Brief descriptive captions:
________________________

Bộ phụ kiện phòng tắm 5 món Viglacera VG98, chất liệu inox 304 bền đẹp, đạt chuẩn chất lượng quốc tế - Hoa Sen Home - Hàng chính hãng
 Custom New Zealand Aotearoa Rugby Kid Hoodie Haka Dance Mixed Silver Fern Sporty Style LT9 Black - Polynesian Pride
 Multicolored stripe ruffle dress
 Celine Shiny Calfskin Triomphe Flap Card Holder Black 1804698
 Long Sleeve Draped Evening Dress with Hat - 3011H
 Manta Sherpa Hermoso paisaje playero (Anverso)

________________________

Nothing but the lines from the one with "Celine Shiny Calfskin" through the final line of the data belongs in the answer, and they must match exactly.

 Celine Shiny Calfskin Triomphe Flap Card Holder Black 1804698
 Long Sleeve Draped Evening Dress with Hat - 3011H
 Manta Sherpa Hermoso paisaje playero (Anverso)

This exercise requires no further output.